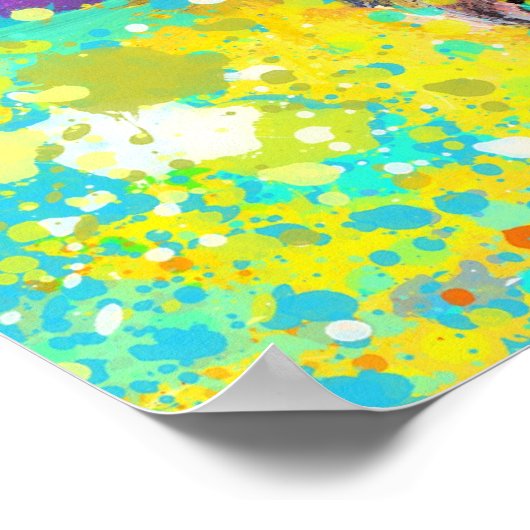 Franse buldog portret kunst omlijst poster (Hoek)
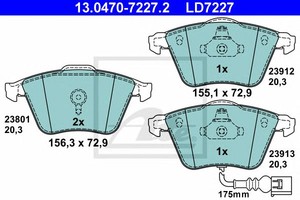 Фото Гальмівні колодки, дискові ATE 13.0470-7227.2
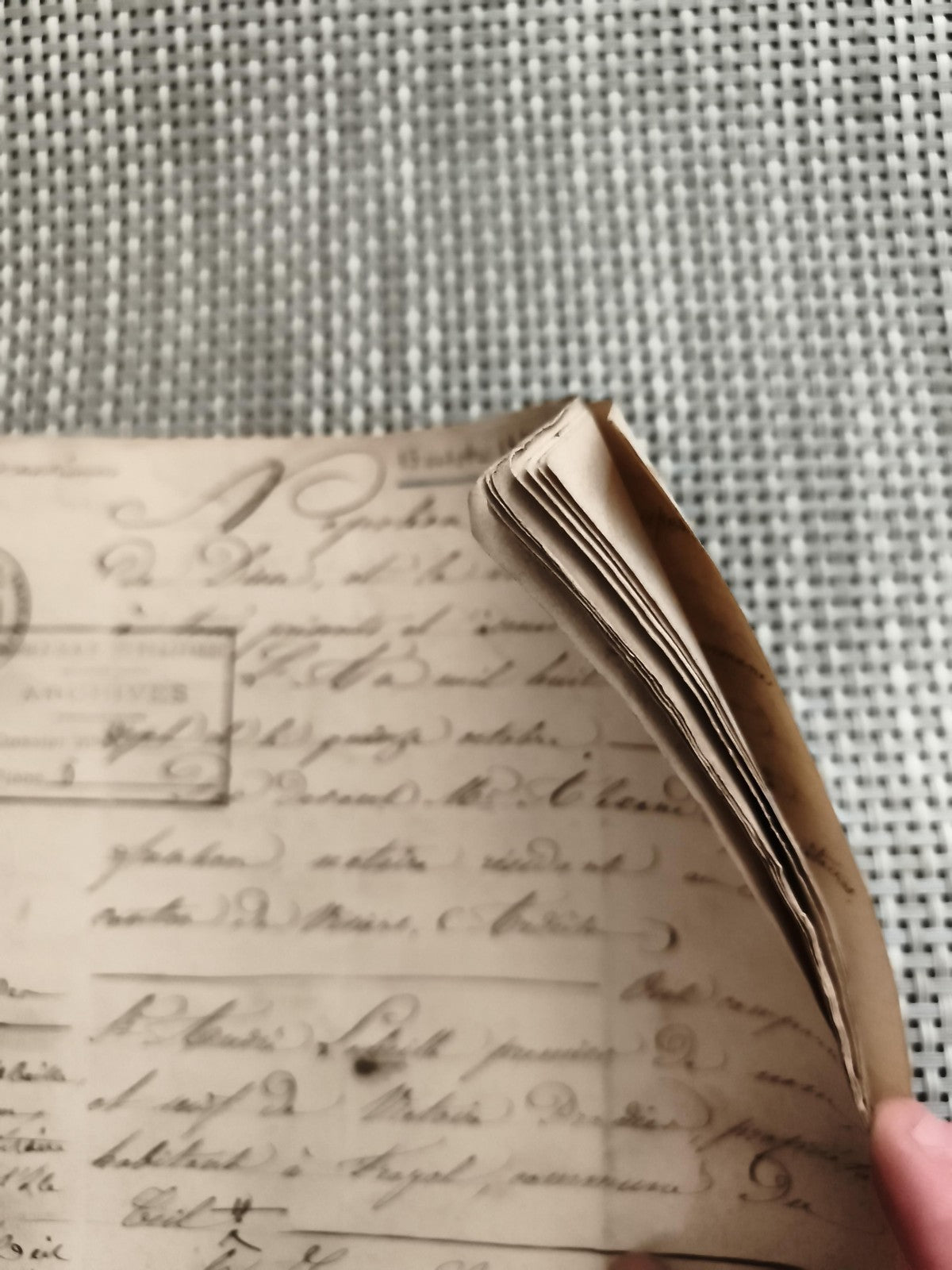 Document manuscrit ancien 1857 cachet archives Tampon officiel France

· · ·

• **Activity**:
Each line from the one containing "Фото Гальмівні колодки, дискові" through the last line of the listing is to be given again exactly, with no pictures and no other lines.

• **Answer to this exercise**:
 Фото Гальмівні колодки, дискові ATE 13.0470-7227.2
 Document manuscrit ancien 1857 cachet archives Tampon officiel France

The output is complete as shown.